Most of us are old enough to remember the events that happened on a sunny September morning, 13 years ago. What many may not have realized , was in the north tower, there were six television transmitter engineers for five of the eight TV stations located on the 104th and 110th floors. These six engineers where just doing their normal job until that morning when the cowards attacked their building. Take a moment out of your day to remember them, in remembrance of the other almost 3000 who died that very day.
If you haven’t had a chance to visit my tribute site to the engineers, and the World Trade Center broadcast facility, please do so when you have a chance.

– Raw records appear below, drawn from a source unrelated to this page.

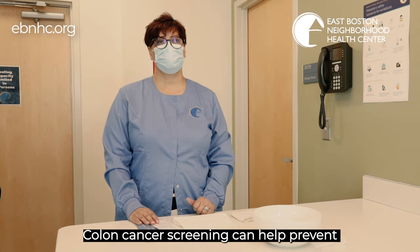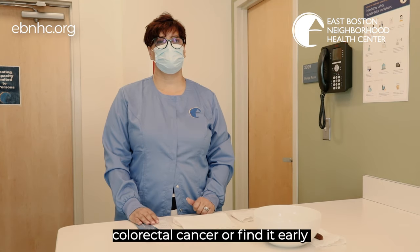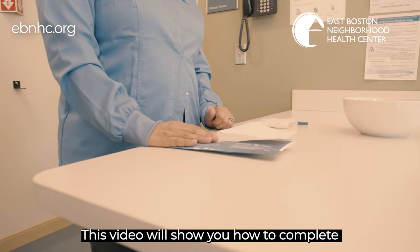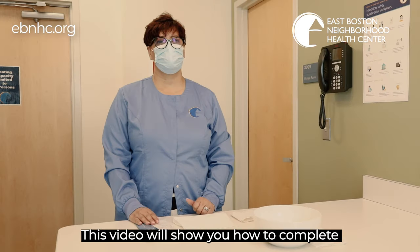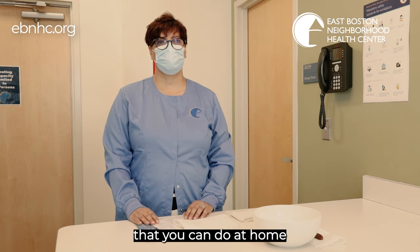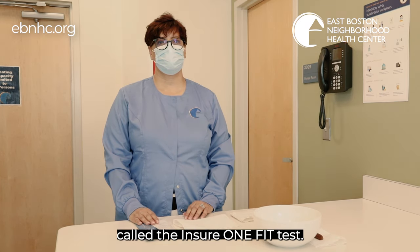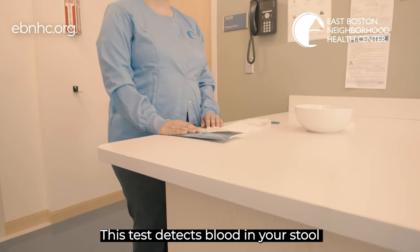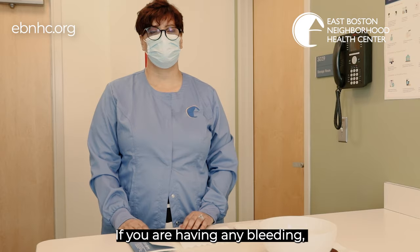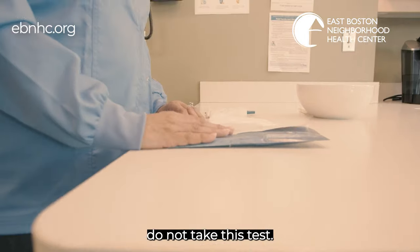Colon cancer screening can help prevent colorectal cancer or find it early when treatment works best. This video will show you how to complete a simple colon cancer screening test that you can do at home called the Ensure One Fit test. This test detects blood in your stool or poop. If you are having any bleeding, do not take this test.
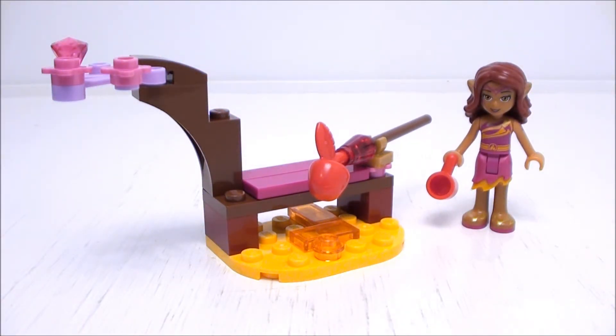And this wraps up the review for Azari's Magic Fire by Lego Elves. Thank you for watching!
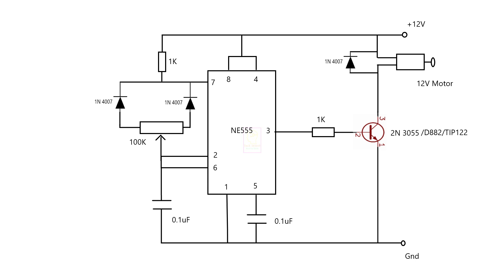The 555 timer's output current is very less, which is below 250 milliampere. If the load motor is very high and you are using a 2N3055, then you need a darlington pair for load matching between the 555 and the transistor for smooth operation. If you are using a TIP122, then you can avoid the darlington pair because the TIP122 itself is a darlington pair transistor. Here while testing, I used a 2SD882 transistor and the load is very less, so I avoided the darlington pair.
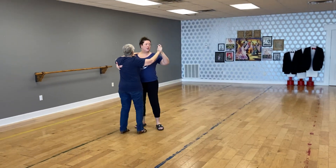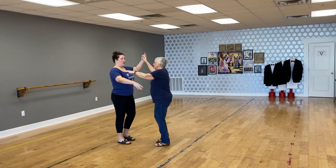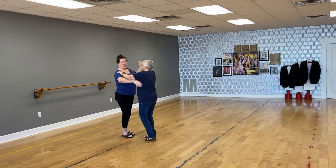Then we did a box step with an underarm turn. We lift our hand, reconnect with our partner, and then we're ready to travel from there.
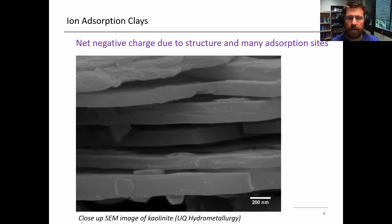Starting off with just a couple of comments about ion adsorption clays. This is a scanning electron micrograph which we took fairly recently. If you look at the scale bar there, that's 200 nanometers — these are the thin layers in a kaolinite grain. You can see that there's a very high surface area, and the kaolinite aluminosilicate structure often leads to a negatively charged surface, which is suitable for ions from solution to adsorb onto it. Rare earths are plus-three valence cations in acidic solutions, and they have a propensity for adsorption.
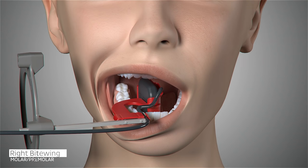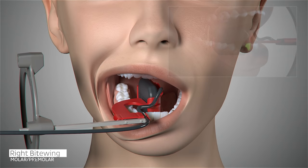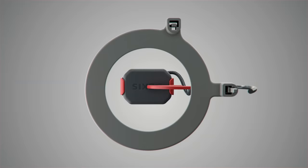Ask the patient to open slightly, slide the sensor forward, and center the first and second premolars on the sensor. Move the sensor toward the midline and slightly forward again in order to capture the distal of the canine. Ask the patient to close. Slide the aiming ring close to the patient's face, position the x-ray emitter cone flush with the aiming ring and trigger your exposure.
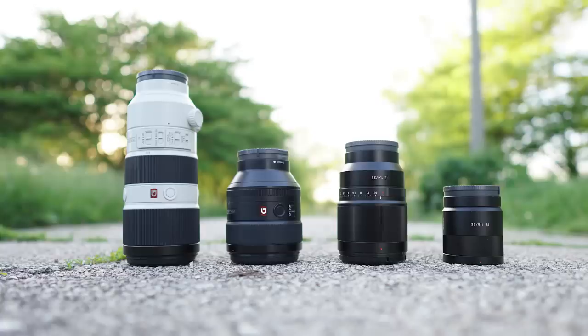Hey everyone, welcome back. I would love to hear what lens you thought performed the best — let me know down in the comments section below. I still am an 85mm guy, I just like the look of 85, but that 200mm was pretty sweet, I have to admit. I'm going to be shooting with that lens more often — I just got it and I'm going to see what it's all about. But until then, 85 is still my go-to lens.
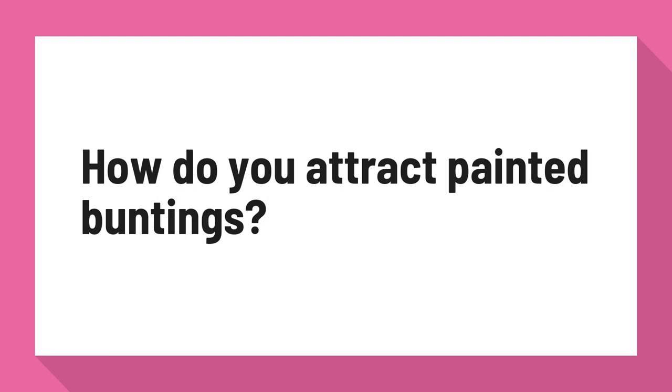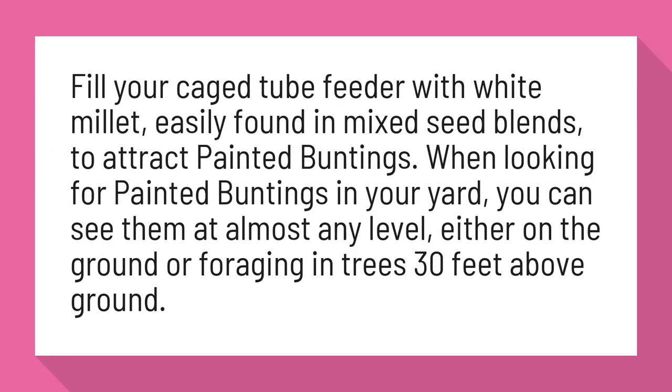How Do You Attract Painted Buntings? Fill your cage tube feeder with white millet, easily found in mixed seed blends, to attract painted buntings.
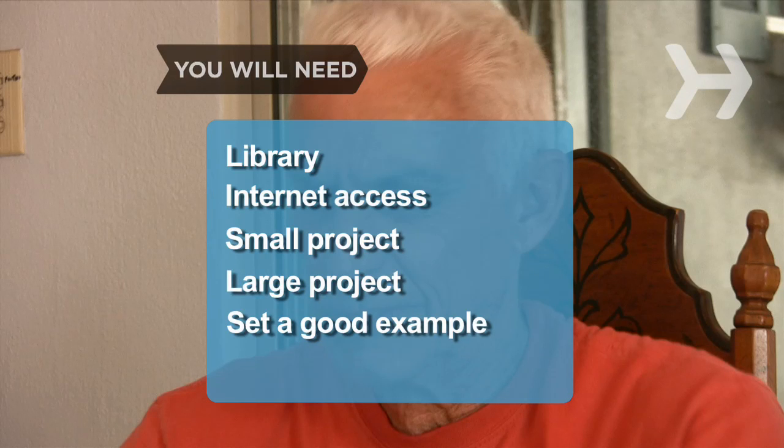You will need a library, a computer with internet access, a small project, a large project, and to set a good example.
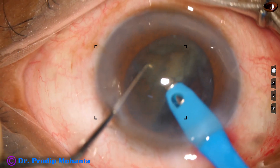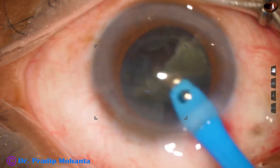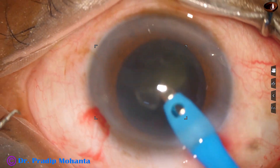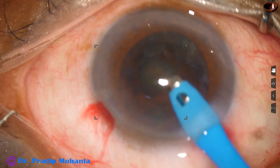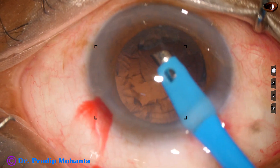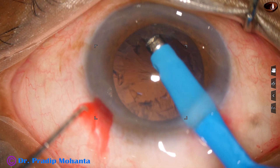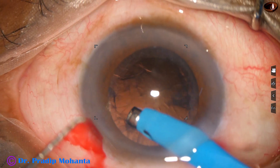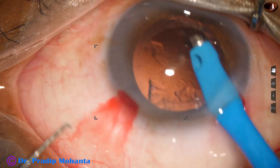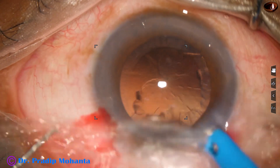Now I come to the intact hemi-nucleus and chop it into 2 pieces. This nuclear fragment has been emulsified, and then the last piece. The chopper has been removed. It keeps a more stable anterior chamber because there is no leakage from the side port. Do not try this if you are a new surgeon — aspiration of some cortex with the phaco needle. If you are having a lot of experience, then you can try this.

On most high power UHF, some VHF and some FM transmitters, the transmitter’s “residual transmission heat” is dissipated by liquid cooling systems.
Here in the US, it is very common to use a mixture of distilled water and Propylene Glycol (“Glycol”). The mixture varies based on the environment of the transmitter and the location of the external cooling systems (heat exchangers).
Glycol is used because it will prevent the outdoor systems from freezing. It also prevents the water from boiling when transferring heat. Glycol is a nasty substance if you have to handle it, with an invasive pink dye, which is very difficult to wash out when dried, and a perfume agent that is pungent at best. However Propylene Glycol is considered non toxic. (Unlike Ethylene Glycol, which is used in radiator fluid and plastics manufacturing.). Glycol is a chemical that can leave behind residue, which over time, especially when mixing with water, can cause the pH balance and other properties of the glycol to change. This breakdown of the elements of the glycol, causing deposit buildups in both transmission components and the cooling system itself. It is important when using a piece of transmission gear, that this chemical be tested every other year, to determine if it needs to be changed out before that damage occurs.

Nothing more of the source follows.